Indeed, Rubie (above, pictured with Grant) goes on to blame Avram’s lengthy absence from Ghana on the country’s substandard players in the local league.
“It is just unfortunate that at the moment the quality of the league in Ghana is not up there due to a number of reasons. Any player that does well in Ghana goes to play for second and third division teams in Europe and even in places like Thailand and Vietnam and obviously for Avram these are not the kind of players that he would look to pick for the national team,” Rubie said.
According to Rubie “the pool of players playing in the Ghanaian league is not at the standard and level that it should be…I mean you look at the players that he has called up to the national team recently and you cannot really argue with the one player that has been selected and hasn’t come and done the job and performed at the highest level.”
This is a slap in the face of the Ghana FA, who have continued to trumpet the goodness of the lcoal top flight, despite the increasing spate of player-flight to foreign leagues.
Grant has overstayed his holidays for close to three months and many sources at the FA had hinted the governing body's unhappiness over the development.
This stance seemed to be confimed by Executive Committee member, Wilfred Osei.
"I don’t understand why the coach is not in the country to monitor our local matches. Modern football has developed to some extent that you don’t need to physically present to monitor players abroad.
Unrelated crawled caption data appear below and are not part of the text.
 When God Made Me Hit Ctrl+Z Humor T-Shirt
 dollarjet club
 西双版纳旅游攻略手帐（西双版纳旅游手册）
“It is in the country that the work is even harder because then you will unearth players.The coach must be advised to stay in the country and monitor the local players.”
So, when does Avram return?
Joy Sports understands he touched down in Accra on Sunday, August 23.
But not before chairman of the Black Stars Management Committee, George Afriyie, also expressed concern.
"He has some explanations to give the management committee of the Ghana Football Association. The FA is going to organize a press conference and then make sure that the concerns being raised now is also channeled to him directly.”
Afriyie (above, pictured) also denied the media rumours that perhaps his outfit owed the 60-year old.
“I was fortunate to be part of the interview panel that interviewed Avram grant and let me state it on record that even when it got to the point that we needed to discuss his remuneration, the coach excused us and told us categorically that the decision to coach Ghana has nothing to do with money.
"He is a coach who has received huge sums of money when he coached Portsmouth, West Ham and Chelsea. Even in Equatorial Guinea [during the Afcon] when Unibank came to promise the team [extra bonuses to win matches], Avram said he didn’t want to be part of these money issues.
"So you can accuse the coach of anything, but about money? No.”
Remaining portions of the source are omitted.